Benefits of Wearing a Headgear
Even though a headgear does not remove the risk of head trauma, as previously mentioned, it is advantageous to wear for the following reasons.
Superficial Injuries - It is great for preventing superficial injuries like cuts, bruises and black eyes.
Bigger Target - The bulky headpiece naturally causes your head to be a bigger target. For that reason, wearing one increases your probability of getting hit.
Vision - Headgears with large cheek protectors and a thick bar across the forehead will disturb your vision.
Side Vision - It could hinder your peripheral vision which affects your ability to see shots to the side of your head like hooks.
Forehead Bar - After receiving a punch or moving your head rapidly, the headgear might shift and slide over your eyes. These occurrences can be rather annoying and temporarily block all vision. In boxing, you are taught to keep your chin down and eyes up. However, the headgear portion that runs along your forehead could block your vision if they are too thick.
Cheek Protectors - Headgears with large cheek protectors obstruct your view from strikes launched at low angles, such as knees and kicks.
Security Blanket - A headgear could act as a security blanket for some individuals who feel safe absorbing strikes because the pain of being hit to the face has diminished. It's a catch-22. You are more willing to engage (on the inside) but this also means you are willing to get hit more. This type of thought process can be detrimental to your long-term brain health.
Aggression - Due to the reduction in pain from head shots, you and your training partners may use the headgear as an opportunity to turn up the aggression, hit harder, and even go into unnecessary brawls.
Friction - Instead of a punch glancing off your sweaty or vaseline covered face, the headgear could actually provide an additional grip for the opponent’s glove and cause you to absorb the hit more than if you were not wearing one.
Having the capability and knowledge to lead safe sparring sessions is great for decreasing the occurrence of unnecessary head trauma.
Develop good habits when sparring with the headgear. Do not do anything with the headgear that you wouldn't do without it. For instance, don't just go in there and let your sparring partner tee off on you in the pocket; you wouldn't do that without headgear so why should you do that with headgear.
Using headgear to spar protects your face and also gets you to get more comfortable with getting hit. But you need to develop proper habits with it so that you would fight exactly the same way without headgear.
So the simple answer yes, you should wear headgear. But not always.

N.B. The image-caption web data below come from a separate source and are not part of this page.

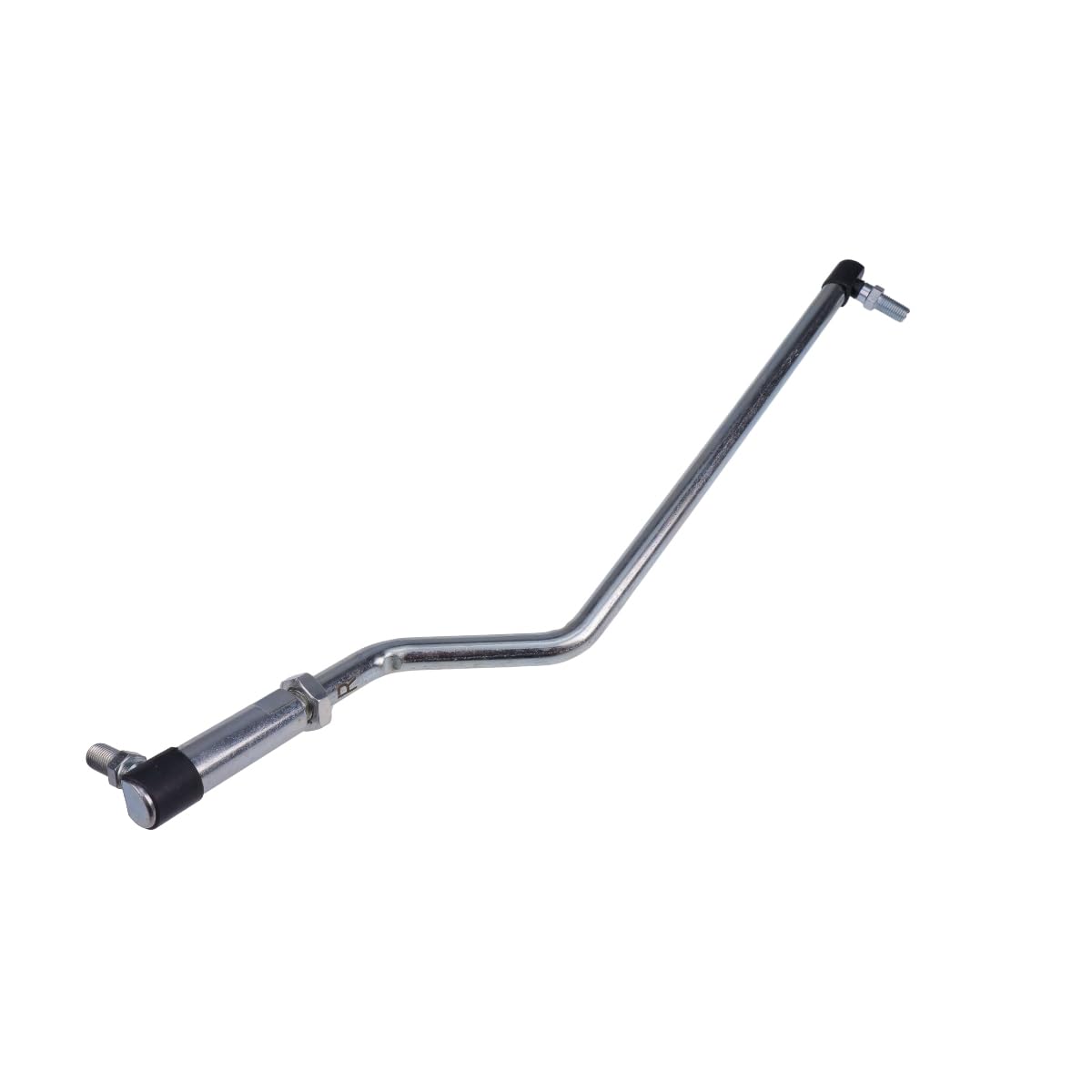 LH Drag Link Kit GY21250 GY20770 Compatible with John Deere X110 X120 X125 S240 102 105 107H 107S 115 125 135 145 155C 190C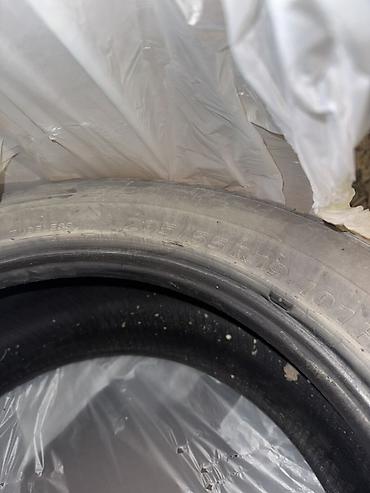 aeolus e70: Летняя шина Kumho Ecowing ES01 (KH27) из Кореи - Размер: 235/55 R19 — 6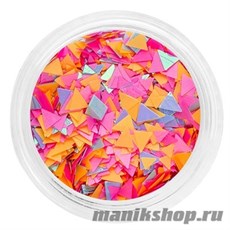 Д095-22-31 Irisk Декор "Митцу" в баночке №31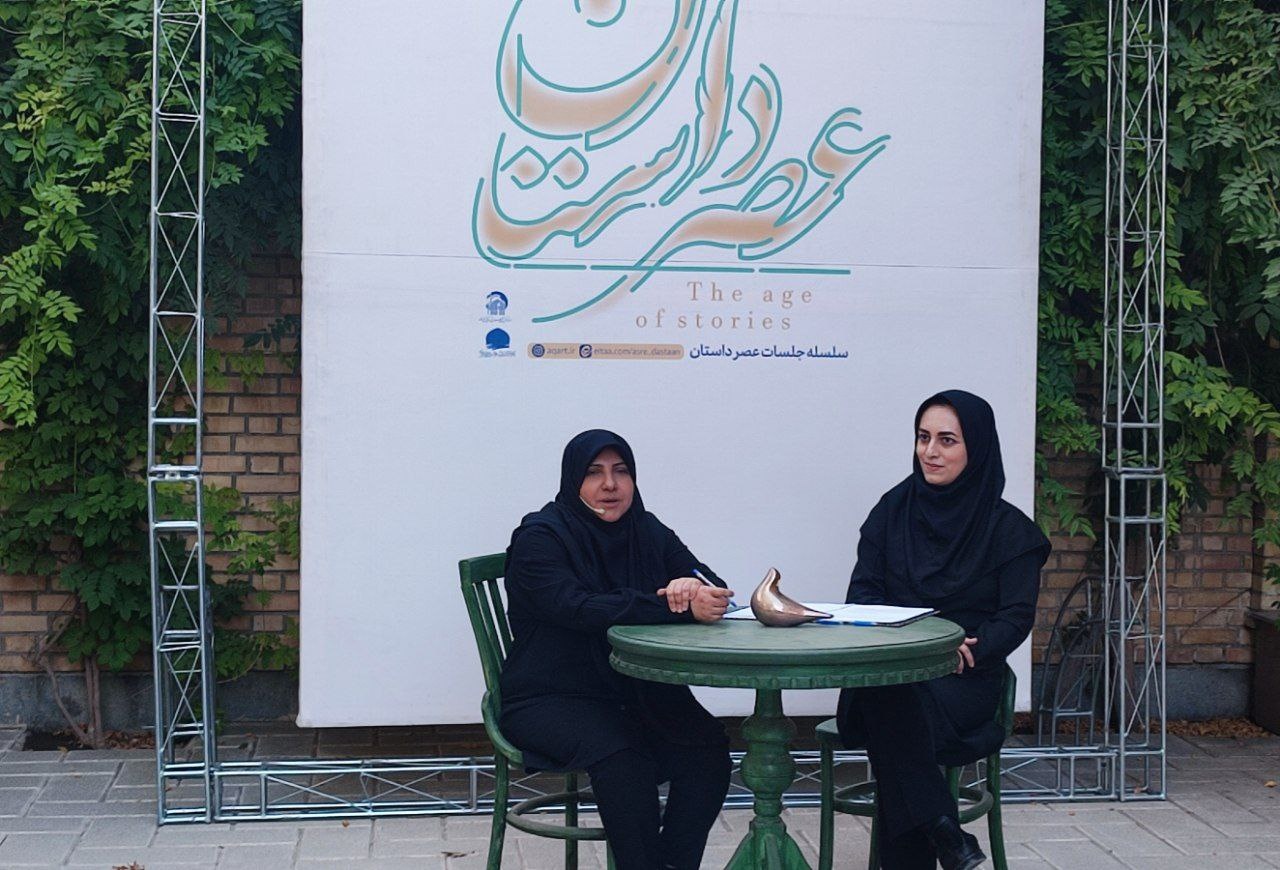 داستان ایرانی نیازمند مضامین گسترده‌تر و تجربیات زیسته بیشتر است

You should wear headgear when you are going are sparring at maximum or near maximum intensity. Although the AIBA study above shows that headgear increases the likelihood of trauma---it is not because headgear is ineffective in protecting the head. It is. It increases head trauma because people wearing headgear have a false sense of safety and are likely to hit harder and more often, and are also more willing to be hit more frequently. So when you and your sparring partner agree that you are sparring at (almost) maximum intensity, you need to wear the headgear. Sparring done at this pace should only be done very sparingly.
In my opinion, you should not be wearing headgear when you are doing technical and light sparring. Wearing headgear in such instances will only amp up the intensity and also encourage you to develop bad habits due to the false sense of security of having headgear. This is were headgear leads to increased head trauma.
What about moderate pace? This is where it gets tricky. Wearing it will often increase the intensity of the rounds. But on the other hand, the line between moderate pace and high pace sparing is a little blurry for certain people. When I spare at a moderate pace, I often don't wear headgear because getting hit without it frightens me much more---it makes me focus on defense more.